§ TASK INSTRUCTIONS
Please repeat each line below exactly, with no images in the copy.

§ GIVEN MATERIAL
┄┄┄┄┄┄

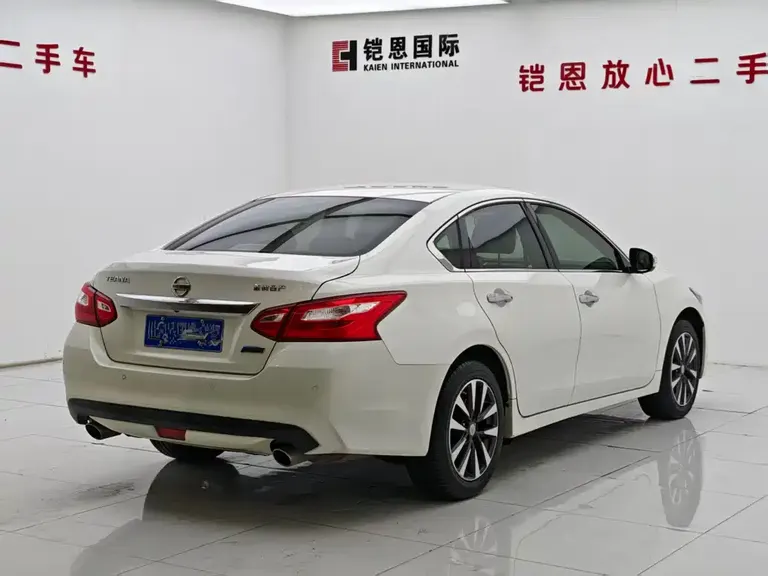 Nissan Teana Facelift 2.0 L XL Comfort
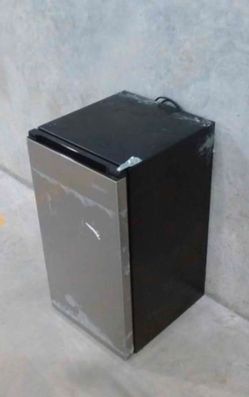 Magic chef mini fridge 2 available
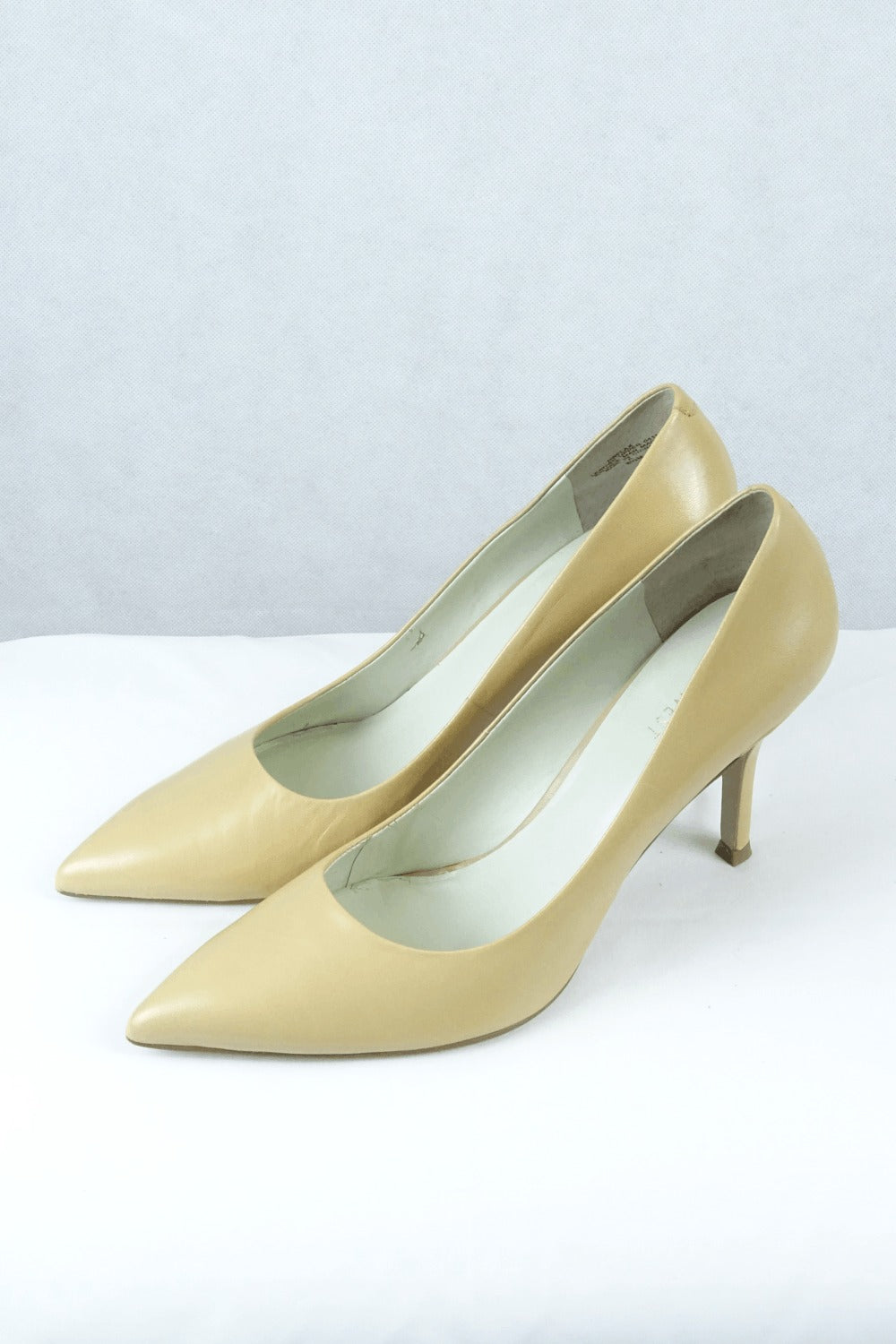 Nine west cheap tan heels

┄┄┄┄┄┄

§ EXPECTED OUTPUT
 Nissan Teana Facelift 2.0 L XL Comfort
 Magic chef mini fridge 2 available
 Nine west cheap tan heels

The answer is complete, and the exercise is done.